Di samping itu, strategi yang juga dilakukan Kemendag adalah menyadari emerging market yang dekat termasuk ASEAN. Pihaknya pun menyiapkan perwakilan untuk mengatasi negara-negara emerging yang tidak jauh terutama Asia Selatan seperti Srilanka, Bangladesh dan Pakistan. Myanmar dan Vietnam juga masuk dalam negara tujuan yang akan dibuka sebagai pasar tujuan ekspor.
Perwakilan tersebut bergunana sebagai marketing yang bisa memberikan informasi termasuk membantu dunia usaha masuk ke pasar tersebut.
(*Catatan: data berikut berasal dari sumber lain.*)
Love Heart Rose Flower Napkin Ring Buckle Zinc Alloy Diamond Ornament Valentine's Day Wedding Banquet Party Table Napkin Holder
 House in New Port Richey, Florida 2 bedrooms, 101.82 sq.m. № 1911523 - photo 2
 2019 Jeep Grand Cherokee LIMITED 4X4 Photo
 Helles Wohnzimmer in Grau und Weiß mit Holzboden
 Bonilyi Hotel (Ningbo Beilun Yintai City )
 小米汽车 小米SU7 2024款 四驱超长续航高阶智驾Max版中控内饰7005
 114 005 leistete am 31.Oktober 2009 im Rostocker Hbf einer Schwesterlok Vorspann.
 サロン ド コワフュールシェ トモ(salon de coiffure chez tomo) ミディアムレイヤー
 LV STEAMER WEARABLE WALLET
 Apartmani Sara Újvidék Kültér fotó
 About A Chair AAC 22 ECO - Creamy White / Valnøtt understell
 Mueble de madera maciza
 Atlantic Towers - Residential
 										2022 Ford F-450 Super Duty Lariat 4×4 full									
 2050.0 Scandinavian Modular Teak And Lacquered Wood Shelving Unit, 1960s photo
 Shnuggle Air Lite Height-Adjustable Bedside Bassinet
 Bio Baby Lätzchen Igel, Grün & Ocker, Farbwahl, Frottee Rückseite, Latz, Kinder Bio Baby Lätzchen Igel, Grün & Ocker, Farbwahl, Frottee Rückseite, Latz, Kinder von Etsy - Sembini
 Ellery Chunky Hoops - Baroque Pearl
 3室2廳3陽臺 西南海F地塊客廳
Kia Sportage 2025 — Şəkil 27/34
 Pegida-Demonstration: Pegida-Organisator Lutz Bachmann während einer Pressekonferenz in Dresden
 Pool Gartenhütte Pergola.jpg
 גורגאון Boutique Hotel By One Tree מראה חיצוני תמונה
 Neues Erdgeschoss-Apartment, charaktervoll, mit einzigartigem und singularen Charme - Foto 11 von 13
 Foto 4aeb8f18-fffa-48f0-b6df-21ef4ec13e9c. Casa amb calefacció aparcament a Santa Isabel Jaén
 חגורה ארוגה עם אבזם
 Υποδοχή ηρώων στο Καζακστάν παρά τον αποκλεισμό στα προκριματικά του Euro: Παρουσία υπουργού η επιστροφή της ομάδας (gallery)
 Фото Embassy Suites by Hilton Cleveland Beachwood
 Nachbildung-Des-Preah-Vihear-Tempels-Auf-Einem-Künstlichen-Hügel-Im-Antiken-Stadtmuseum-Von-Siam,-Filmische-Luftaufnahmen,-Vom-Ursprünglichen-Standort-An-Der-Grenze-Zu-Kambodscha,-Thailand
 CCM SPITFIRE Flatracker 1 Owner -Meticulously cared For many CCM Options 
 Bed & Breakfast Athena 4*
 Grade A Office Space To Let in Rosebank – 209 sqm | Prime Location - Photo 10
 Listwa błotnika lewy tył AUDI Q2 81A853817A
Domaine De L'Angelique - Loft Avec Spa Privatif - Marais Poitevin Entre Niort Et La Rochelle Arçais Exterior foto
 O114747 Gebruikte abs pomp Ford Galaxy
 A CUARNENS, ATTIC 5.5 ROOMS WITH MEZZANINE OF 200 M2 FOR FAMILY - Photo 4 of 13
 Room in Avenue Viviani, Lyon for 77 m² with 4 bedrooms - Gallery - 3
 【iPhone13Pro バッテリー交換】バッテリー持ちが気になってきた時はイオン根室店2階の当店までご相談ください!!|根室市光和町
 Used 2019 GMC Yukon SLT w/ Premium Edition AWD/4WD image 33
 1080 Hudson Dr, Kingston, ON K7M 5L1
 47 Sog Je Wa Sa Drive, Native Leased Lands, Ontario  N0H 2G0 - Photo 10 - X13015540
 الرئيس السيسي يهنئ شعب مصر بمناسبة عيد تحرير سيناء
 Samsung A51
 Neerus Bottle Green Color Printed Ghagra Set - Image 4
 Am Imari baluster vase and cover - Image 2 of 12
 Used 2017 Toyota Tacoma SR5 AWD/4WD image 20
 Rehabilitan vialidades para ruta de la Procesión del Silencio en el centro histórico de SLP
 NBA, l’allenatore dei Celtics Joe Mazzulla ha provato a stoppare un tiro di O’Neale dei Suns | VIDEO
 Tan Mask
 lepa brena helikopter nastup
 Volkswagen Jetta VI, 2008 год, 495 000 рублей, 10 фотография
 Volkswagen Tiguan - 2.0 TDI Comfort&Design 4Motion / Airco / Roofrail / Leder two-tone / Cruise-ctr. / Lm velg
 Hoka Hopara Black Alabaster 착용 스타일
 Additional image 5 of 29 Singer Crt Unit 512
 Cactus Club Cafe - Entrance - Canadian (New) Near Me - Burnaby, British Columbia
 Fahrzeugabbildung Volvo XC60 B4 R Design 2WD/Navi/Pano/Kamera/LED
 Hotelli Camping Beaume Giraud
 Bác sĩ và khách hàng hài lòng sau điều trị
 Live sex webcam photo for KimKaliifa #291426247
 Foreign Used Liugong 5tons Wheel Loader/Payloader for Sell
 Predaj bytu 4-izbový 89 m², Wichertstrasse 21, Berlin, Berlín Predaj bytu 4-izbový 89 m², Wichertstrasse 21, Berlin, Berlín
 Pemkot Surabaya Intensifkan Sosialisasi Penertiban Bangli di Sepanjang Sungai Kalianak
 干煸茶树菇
"Sebentar lagi kita buka di Turki. Ini sebagian strategi kita bagaimana mengkompensasi pelemahan dari negara-negara tujuan ekspor yang tradisional," ujar dia.
Pendekatan bilateral terhadap beberapa negara juga terus dilakukan seperti Filipina, AS dan India sebagai bagian dari strategi penyerangan yang dilakukan. Termasuk melakukan pendekatan multilateral.
Sementara menyerang dengan banyak pasar baru, penguatan daya saing domestik terus diperkuat baik hard infrastruktur maupun soft infrastruktur sebagai amunisinya. Soft infrastruktur yang dimaksud berupa perijinan, prosedur, kemudahan dan iklim investasi.
Terkait daya saing, diakui Kasan banyak produk dalam negeri yang mampu bersaing di ranah ekspor. Khusus di sektor ritel, ia melanjutkan, jika sudah bisa bersaing di Indonesia berarti bisa bersaing di ASEAN.
"Misalnya JCo donuts, franchisenya sudah bisa ke negara lain. Kalau itu bisa masuk, saya kira itu termasuk bagian ekspor jasa dan barang," kata dia.
Hal sama juga dilakukan Alfamart yang secara besar tumbuh di Filipina. Tingginya ekspor membuat Indonesia menghadapi tekanan termasuk salah satunya dari Filipina. Neraca perdagangan Indonesia dan Filipina surplus 5,6 miliar dolar AS tahun lalu.
"Saya mengerti kenapa Filipina marah karena defisit mereka besar. AS juga begitu, cuma ini latah," katanya.
Dalam mengatasi masalah dengan Filipina, Indonesia telah melakukan pendekatan dari Presiden ke bawah. Menteri Perdagangan Enggartiasto Lukita juga akan kembali bertolak ke sana guna melanjutkan pembicaraan.